*** Opening of Information provided ***

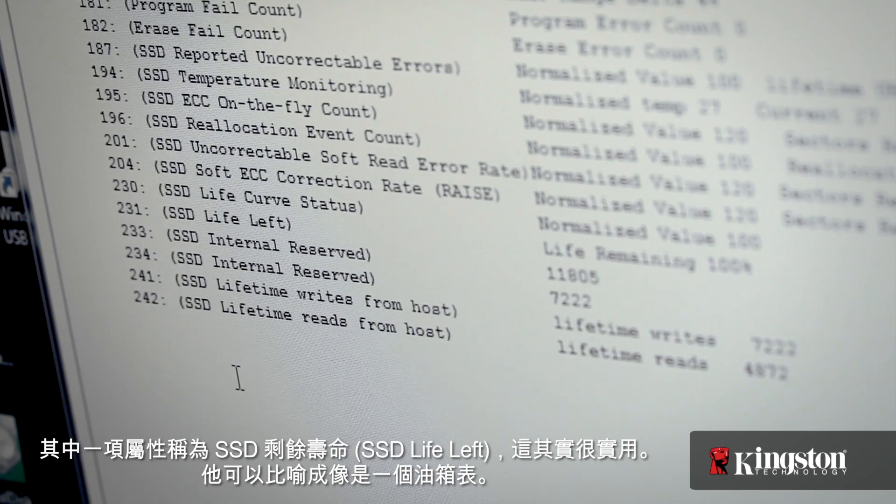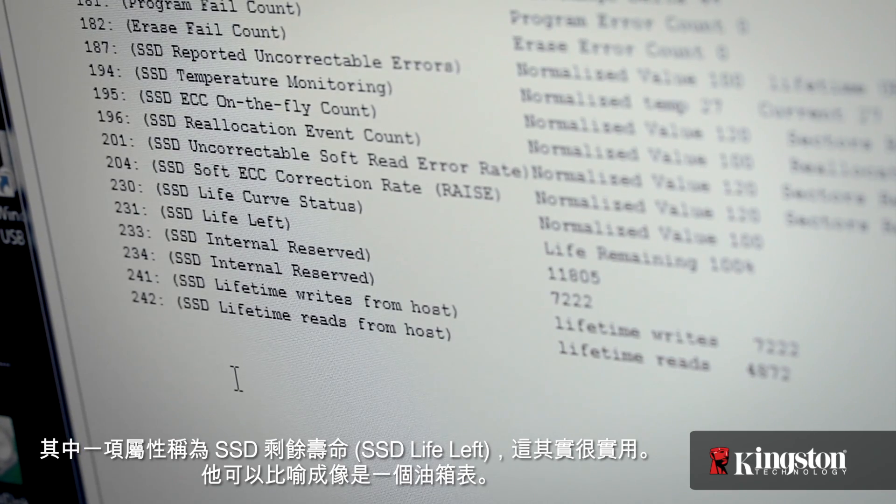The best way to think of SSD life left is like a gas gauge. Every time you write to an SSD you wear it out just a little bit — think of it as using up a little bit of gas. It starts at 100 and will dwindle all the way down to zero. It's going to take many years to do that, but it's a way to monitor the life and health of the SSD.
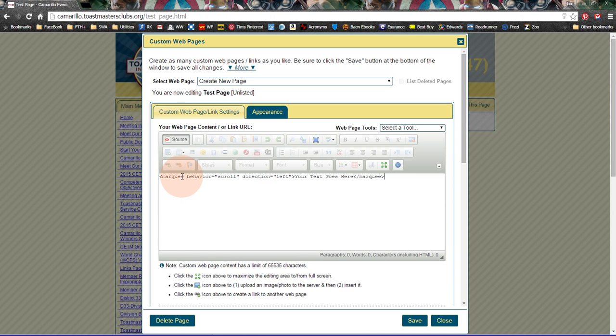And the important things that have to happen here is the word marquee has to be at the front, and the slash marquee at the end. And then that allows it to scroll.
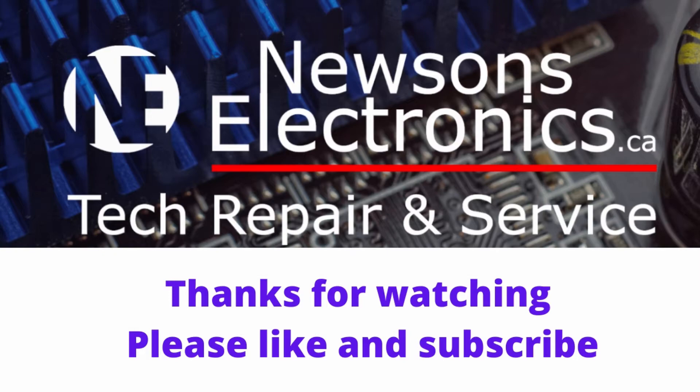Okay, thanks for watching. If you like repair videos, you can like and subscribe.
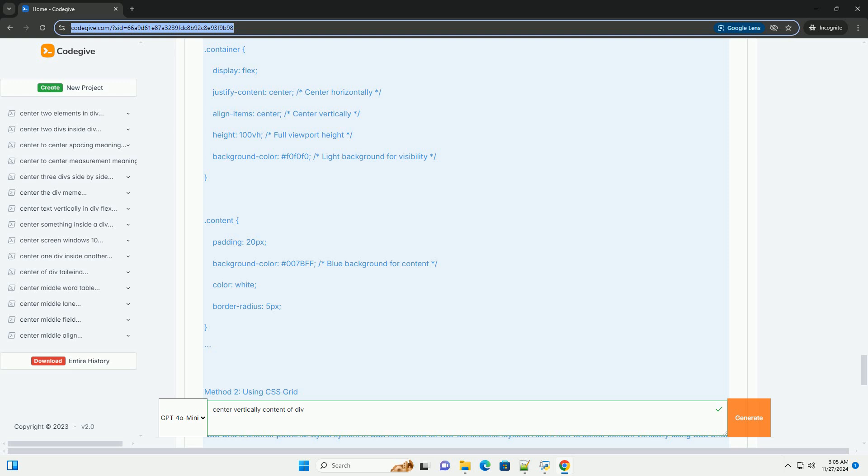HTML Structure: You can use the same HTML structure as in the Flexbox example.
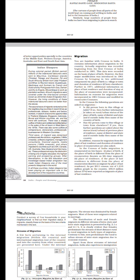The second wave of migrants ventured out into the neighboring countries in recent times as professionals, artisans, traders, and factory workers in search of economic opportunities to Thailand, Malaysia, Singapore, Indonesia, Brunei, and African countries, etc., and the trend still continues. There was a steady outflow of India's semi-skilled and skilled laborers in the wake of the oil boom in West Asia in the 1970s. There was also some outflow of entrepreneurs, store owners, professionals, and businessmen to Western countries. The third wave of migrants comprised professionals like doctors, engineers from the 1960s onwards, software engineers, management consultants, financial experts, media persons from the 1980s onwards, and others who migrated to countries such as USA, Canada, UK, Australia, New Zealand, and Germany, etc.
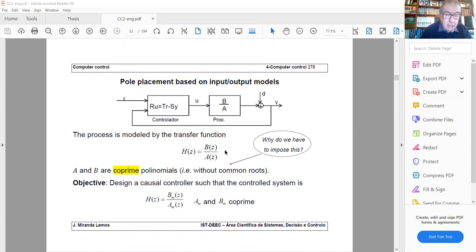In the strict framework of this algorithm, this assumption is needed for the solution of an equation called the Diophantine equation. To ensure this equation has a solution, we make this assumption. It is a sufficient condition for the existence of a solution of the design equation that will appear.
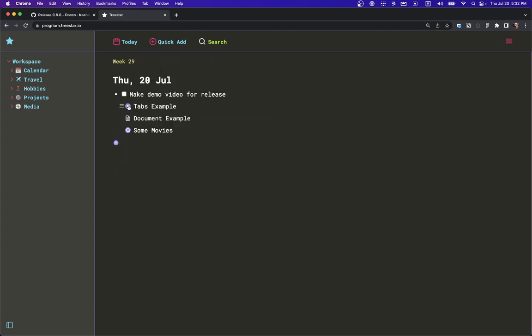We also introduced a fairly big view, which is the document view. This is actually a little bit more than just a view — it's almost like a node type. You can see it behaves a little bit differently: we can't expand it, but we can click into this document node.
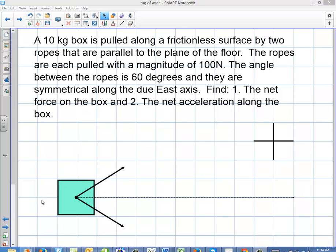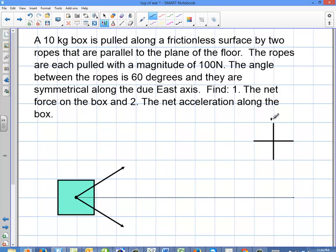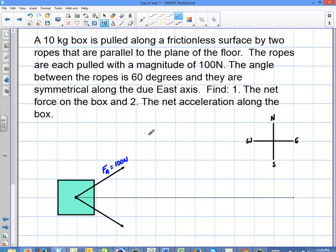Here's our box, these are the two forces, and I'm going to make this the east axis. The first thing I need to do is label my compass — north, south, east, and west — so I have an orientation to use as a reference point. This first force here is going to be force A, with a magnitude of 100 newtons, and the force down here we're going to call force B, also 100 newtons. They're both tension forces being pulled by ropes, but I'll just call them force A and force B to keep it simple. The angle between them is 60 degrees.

*** Close of Information provided ***
*** Opening of Information provided ***

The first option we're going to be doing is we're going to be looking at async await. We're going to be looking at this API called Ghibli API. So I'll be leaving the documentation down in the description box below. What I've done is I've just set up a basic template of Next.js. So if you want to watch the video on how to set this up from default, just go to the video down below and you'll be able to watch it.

*** Close of Information provided ***
*** Opening of Information provided ***

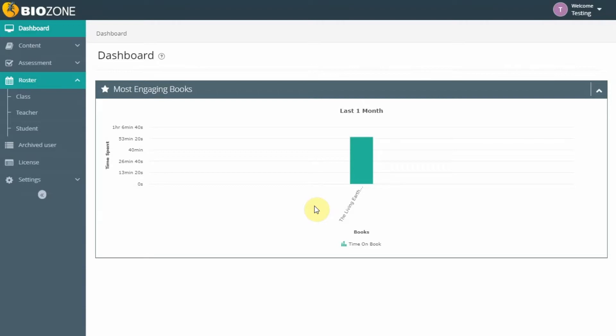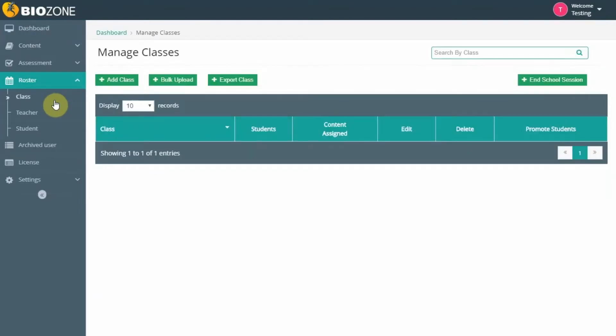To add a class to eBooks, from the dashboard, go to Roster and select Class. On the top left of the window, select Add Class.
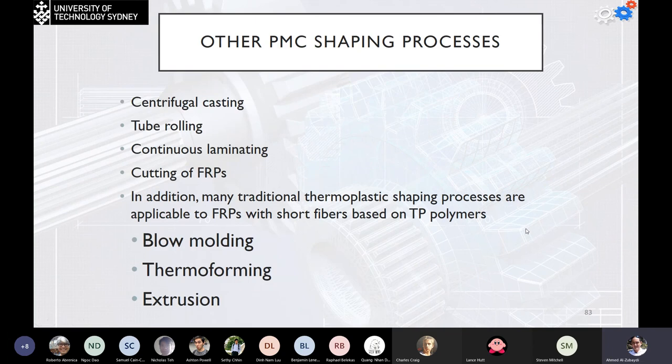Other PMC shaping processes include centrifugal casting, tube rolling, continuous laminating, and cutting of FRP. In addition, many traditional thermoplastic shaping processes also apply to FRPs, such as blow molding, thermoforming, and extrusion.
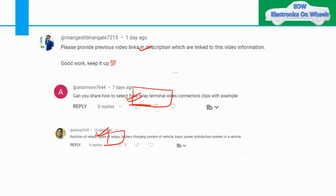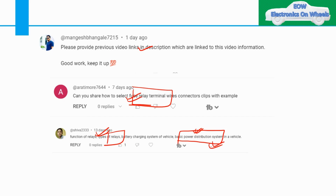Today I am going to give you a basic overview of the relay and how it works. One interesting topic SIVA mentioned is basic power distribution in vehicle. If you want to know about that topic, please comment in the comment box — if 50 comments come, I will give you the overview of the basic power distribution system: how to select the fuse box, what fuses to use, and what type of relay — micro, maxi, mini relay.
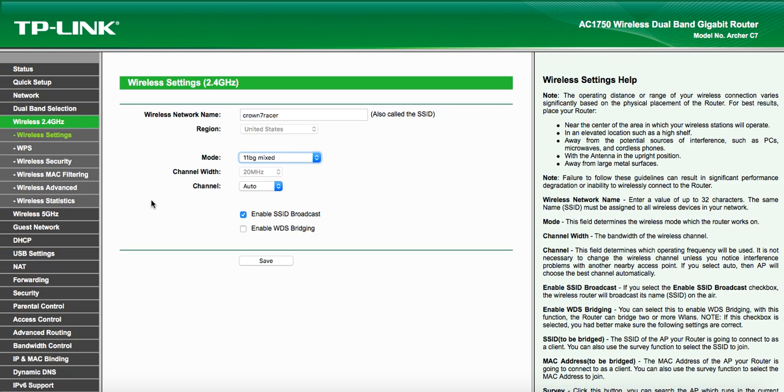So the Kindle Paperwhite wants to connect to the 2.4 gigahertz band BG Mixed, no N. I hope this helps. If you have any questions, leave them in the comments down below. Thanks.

*** Close of Information provided ***

Work item -
In the records above, find the line with "The best way" and the line with "HTML Structure: You", then restate word for word only those two lines and all lines between, omitting pictures.

Response to this exercise -
The best way to think of SSD life left is like a gas gauge. Every time you write to an SSD you wear it out just a little bit — think of it as using up a little bit of gas. It starts at 100 and will dwindle all the way down to zero. It's going to take many years to do that, but it's a way to monitor the life and health of the SSD.
And the important things that have to happen here is the word marquee has to be at the front, and the slash marquee at the end. And then that allows it to scroll.
Okay, thanks for watching. If you like repair videos, you can like and subscribe.
HTML Structure: You can use the same HTML structure as in the Flexbox example.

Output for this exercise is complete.